Роберт Шекли ("Планета по смете"), Пьер Буль ("Когда не вышло у змея") и Сандро Сандрелли ("Прототип") предлагают свои версии сотворения мира и человека. Последний рассказ - просто остроумная шутка. Однако и здесь фантастика "замешена" на добротном знании вышучиваемого. Проблема "курицы и яйца" уже неоднократно проецировалась фантастами на взаимоотношения людей и роботов. Сложив вместе первые буквы серийного названия неметаллического робота, его металлические собратья придумали таким образом имя для первого человека. Поразительнее всего здесь то, что и в древнееврейском языке слово "Адам", ставшее именем библейского прародителя человечества, тоже обозначало человека. Заметим также, что имя "Адам" уже не в первый раз рассматривается как аббревиатура, и предшественниками Сандрелли здесь были византийские мистики. Они считали, что имя библейского первочеловека состоит из начальных букв греческих названий сторон света. Этот же мотив отразился и в древнерусском апокрифическом "Сказании, како сотвори бог Адама": "И посла господь ангела своего, повеле взяти "аз" на востоце, "добро" на западе, "мыслете" на севере и на юзе. И бысть человек в душу живу, нарече имя ему Адам". И разумеется, в "Прототипе" слышится отзвук еврейских фольклорных преданий о Големе, да и спор металлических роботов о целесообразности появления Адама на свет "списан" из талмудической книги "Берешит рабба", рассказывающей о разногласиях, которые возникли на небесном совете ангелов, когда речь зашла о необходимости сотворить человека.

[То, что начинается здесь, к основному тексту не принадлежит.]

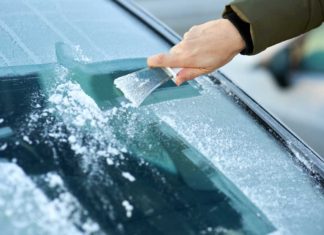 Come togliere il ghiaccio dal parabrezza senza rovinarlo. Ghiaccio parabrezza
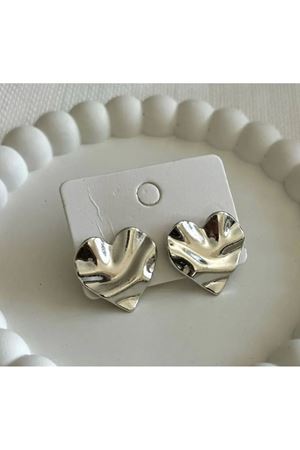 Gümüş Dalgalı Kalp Plaka Küpe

Острая и едкая ирония Роберта Шекли ("Планета по смете") рисует нам совершенно иного бога, чем тот, которого преподносит церковь. Он "ни черта не смыслил в технике - его специальностью были этика, мораль, религия и тому подобные нематериальные фигли-мигли". "Недостаточная теоретическая подготовка" "старого хрыча" с "крючковатым носом" (редкая почтительность, не так ли!) заставляет обычного космического пройдоху-подрядчика, стремящегося сдать "приемной комиссии" выстроенную с недоделками планету, преподавать ему основы… научного детерминизма, экспромтом пришедшие на ум.